Making the Cleo pinafore or dungaree dress? This sewing pattern has become our new bestseller! While the dungaree clips may make it look fiddly, it's actually quick and easy to make - it's a great pattern for beginners, or more experienced stitchers looking for a speedy project. Today I thought I'd share some bonus tips for sewing Cleo...
Sewing the pockets on bulky fabric
If your fabric is fairly bulky - such as a heavy denim or corduroy - your presser foot might need a little help getting started topstitching the pockets to the dress.
Try making a "stitch starter". Position the pocket under the presser foot ready to start sewing it in place.
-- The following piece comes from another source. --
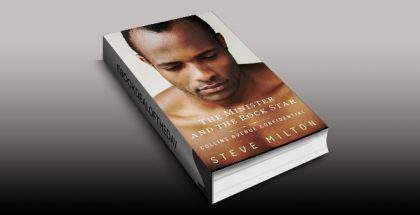 gay romance ebook"The Minister and the Rock Star (Collins Avenue Confidential Book 4)" by Steve Milton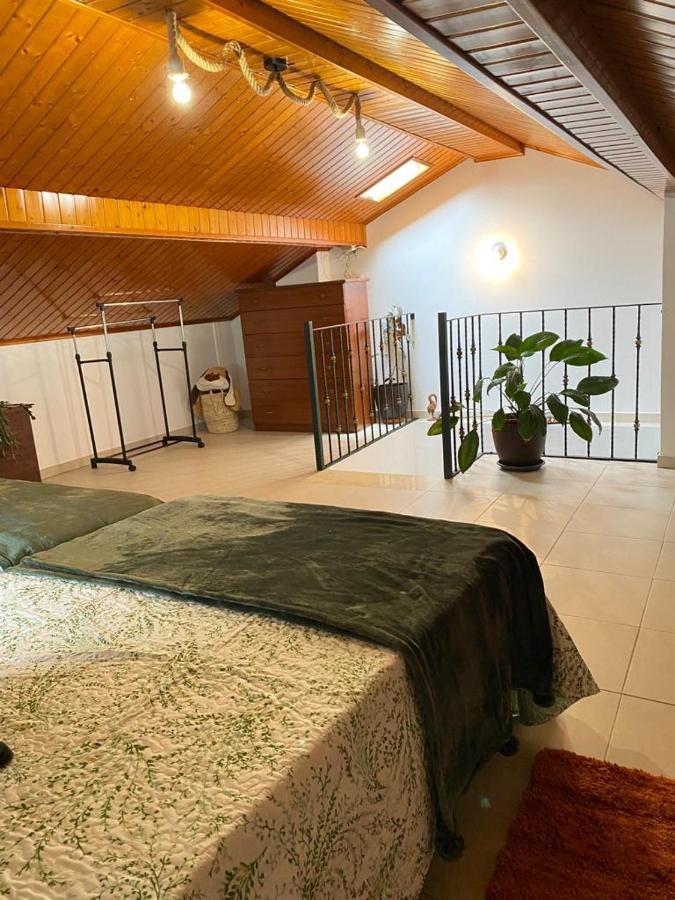 Casa Abuela Rosa En El Centro De Cambados_5P Βίλα Εξωτερικό φωτογραφία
Fold a scrap of fabric three or four layers thick, and wedge it under the back of your presser foot, just behind where you're going to start sewing the pocket.
This folded piece of fabric will raise the back of the presser foot level with (or just higher than) the front of the foot, meaning it won't get stuck trying to climb the hill of the thick pocket layers, and therefore won't start sewing loads of knots on the spot. Hooray!
Tying off topstitch thread
Using dedicated topstitch thread? As topstitch thread is thicker than regular thread, it can make clumpy knots when back tacked. Avoid back tacking when topstitching the front and back bodice seams - the stitching is unlikely to unravel as it will be crossed with another line of stitching later (when it's hemmed and when the facing is attached).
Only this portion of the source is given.